Information and the Future

This is the blog of the Information and the Future task force of the Rolfing Library at Trinity International University. The IF task force exists to explore the role of libraries in the future of Christian higher education.

Thursday, May 17, 2007

Information gluttony

Let us not mince words. For libraries in the 21st century, the situation is dire. The library as we know it was designed to meet the needs of a society whose chief information problem was one of scarcity . . . Libraries did a good job of meeting this need, but the radical changes of the past two decades have left traditional library practices behind. Information is no longer stored primarily in print formats; most published information is created and stored electronically - printing comes later if at all - and a tremendous amount of it is made freely available to the general public through the Internet. The defining characteristic of today's information world is not one of scarcity, but of glut.
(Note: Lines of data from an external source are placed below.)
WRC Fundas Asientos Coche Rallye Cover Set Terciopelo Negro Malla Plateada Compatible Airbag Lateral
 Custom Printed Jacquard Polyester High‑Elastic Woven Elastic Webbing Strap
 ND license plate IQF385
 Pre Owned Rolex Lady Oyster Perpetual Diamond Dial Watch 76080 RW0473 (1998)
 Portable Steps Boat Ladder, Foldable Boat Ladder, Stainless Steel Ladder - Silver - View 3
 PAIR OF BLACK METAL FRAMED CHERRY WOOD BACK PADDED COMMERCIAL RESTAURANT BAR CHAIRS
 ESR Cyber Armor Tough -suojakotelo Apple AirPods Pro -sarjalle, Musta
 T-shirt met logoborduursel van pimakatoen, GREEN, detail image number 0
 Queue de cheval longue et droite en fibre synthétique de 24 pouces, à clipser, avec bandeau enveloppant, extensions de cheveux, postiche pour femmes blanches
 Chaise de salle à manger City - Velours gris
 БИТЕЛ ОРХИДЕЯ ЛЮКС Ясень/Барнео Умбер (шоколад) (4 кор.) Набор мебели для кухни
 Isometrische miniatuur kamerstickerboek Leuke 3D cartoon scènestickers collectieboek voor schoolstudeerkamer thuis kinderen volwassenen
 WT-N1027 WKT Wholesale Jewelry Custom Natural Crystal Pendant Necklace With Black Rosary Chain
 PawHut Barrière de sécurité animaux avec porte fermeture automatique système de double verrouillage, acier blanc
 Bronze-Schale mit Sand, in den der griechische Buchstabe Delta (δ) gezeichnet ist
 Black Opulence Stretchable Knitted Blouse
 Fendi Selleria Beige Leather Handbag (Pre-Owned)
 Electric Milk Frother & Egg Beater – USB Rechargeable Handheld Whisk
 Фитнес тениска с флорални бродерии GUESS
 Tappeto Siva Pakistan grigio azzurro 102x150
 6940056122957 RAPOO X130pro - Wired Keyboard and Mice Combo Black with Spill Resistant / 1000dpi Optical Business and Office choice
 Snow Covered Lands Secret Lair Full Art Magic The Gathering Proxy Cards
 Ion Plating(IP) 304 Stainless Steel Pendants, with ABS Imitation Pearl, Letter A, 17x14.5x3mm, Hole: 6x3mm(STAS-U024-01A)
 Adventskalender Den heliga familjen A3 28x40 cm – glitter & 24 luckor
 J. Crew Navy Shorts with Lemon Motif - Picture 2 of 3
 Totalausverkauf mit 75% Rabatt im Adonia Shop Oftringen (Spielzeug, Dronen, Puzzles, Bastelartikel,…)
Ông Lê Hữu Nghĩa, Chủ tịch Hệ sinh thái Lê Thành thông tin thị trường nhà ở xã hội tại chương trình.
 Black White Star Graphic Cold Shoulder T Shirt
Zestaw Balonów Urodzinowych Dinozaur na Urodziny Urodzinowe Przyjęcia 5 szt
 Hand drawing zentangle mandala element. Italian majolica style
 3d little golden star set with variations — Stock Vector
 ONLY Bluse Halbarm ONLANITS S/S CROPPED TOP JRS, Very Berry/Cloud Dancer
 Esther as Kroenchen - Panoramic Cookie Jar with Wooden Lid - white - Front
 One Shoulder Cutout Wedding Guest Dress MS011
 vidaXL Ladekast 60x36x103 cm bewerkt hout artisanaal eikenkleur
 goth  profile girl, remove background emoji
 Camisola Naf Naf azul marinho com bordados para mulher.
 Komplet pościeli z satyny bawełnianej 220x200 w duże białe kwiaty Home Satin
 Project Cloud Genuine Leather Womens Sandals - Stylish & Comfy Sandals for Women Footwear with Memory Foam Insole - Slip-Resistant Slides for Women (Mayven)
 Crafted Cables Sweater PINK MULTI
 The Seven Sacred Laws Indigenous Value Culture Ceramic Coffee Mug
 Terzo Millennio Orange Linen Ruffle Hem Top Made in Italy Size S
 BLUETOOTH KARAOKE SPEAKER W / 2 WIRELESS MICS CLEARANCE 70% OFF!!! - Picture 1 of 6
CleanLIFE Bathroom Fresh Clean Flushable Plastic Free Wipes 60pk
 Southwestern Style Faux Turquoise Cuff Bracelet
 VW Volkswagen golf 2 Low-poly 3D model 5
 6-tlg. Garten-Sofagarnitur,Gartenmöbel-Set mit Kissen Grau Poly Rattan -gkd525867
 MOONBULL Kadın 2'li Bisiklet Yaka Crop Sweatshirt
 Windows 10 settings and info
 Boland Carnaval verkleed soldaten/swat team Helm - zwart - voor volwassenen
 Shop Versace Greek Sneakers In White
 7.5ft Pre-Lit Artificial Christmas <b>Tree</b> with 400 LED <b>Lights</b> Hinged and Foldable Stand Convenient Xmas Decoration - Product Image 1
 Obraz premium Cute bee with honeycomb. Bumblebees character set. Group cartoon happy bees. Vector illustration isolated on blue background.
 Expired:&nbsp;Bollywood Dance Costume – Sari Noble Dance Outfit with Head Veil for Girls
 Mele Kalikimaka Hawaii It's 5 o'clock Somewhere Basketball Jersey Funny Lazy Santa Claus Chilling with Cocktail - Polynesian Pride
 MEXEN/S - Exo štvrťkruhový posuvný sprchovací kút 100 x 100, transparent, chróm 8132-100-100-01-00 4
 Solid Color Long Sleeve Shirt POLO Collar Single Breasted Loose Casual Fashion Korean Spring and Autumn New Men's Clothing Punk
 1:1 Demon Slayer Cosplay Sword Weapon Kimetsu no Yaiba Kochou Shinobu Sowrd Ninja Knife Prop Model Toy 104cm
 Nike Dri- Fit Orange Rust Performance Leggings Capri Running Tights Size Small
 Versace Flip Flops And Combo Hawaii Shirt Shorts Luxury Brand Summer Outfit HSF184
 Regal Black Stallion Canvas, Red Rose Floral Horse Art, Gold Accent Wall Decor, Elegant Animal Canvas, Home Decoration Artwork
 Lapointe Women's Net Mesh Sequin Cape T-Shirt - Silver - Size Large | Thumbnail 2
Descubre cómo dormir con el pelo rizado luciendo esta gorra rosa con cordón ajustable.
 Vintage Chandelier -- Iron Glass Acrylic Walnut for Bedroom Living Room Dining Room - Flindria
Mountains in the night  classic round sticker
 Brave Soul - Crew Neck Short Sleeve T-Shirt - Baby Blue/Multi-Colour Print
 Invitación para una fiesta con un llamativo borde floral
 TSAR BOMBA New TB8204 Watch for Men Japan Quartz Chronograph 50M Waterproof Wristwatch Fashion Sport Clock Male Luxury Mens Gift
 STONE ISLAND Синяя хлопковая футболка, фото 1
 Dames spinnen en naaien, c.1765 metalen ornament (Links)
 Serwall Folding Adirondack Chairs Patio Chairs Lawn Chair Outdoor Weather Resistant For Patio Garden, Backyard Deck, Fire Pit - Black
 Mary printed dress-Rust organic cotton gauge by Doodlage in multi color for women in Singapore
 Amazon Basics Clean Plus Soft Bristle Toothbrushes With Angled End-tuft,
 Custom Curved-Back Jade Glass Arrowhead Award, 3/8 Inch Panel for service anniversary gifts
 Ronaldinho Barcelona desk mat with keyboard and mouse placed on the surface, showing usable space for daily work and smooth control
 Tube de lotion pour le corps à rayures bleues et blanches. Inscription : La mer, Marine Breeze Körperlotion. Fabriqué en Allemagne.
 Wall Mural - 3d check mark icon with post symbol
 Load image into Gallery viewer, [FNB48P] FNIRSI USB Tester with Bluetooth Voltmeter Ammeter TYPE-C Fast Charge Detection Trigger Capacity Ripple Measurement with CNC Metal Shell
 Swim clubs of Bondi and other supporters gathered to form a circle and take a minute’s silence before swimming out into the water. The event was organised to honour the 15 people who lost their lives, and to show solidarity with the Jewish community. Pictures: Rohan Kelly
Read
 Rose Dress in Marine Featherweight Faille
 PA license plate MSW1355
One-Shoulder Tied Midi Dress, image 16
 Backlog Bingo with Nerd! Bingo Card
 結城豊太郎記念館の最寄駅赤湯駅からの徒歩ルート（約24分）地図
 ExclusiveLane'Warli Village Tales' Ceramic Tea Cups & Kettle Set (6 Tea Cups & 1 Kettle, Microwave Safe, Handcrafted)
Rick Anderson, "The (Uncertain) Future of Libraries in a Google World: Sounding the Alarm," in Libraries and Google, p. 33
This is the quote I've been thinking about as I continue to reflect on David Bade's paper on the future of cataloging. I think that the push to automate or otherwise speed the creation of metadata is in part an attempt to move from the famine to the feast. But as the slow food movement has made clear a efficiency in the production and consumption of food comes at a cost. Namely a loss of the cultural meaning of our food and ultimately a diminished pleasure in eating.

As I think about the future of information, I think it will be important for us to think about to create systems that continue to value the knowledge and wisdom that comes from the contemplative interaction with information. Just as it is important for us to take seriously and respond the incredible growth in the amount and availability of that information. I think Anderson is right that the future of libraries is uncertain. We need to respond - the question is how.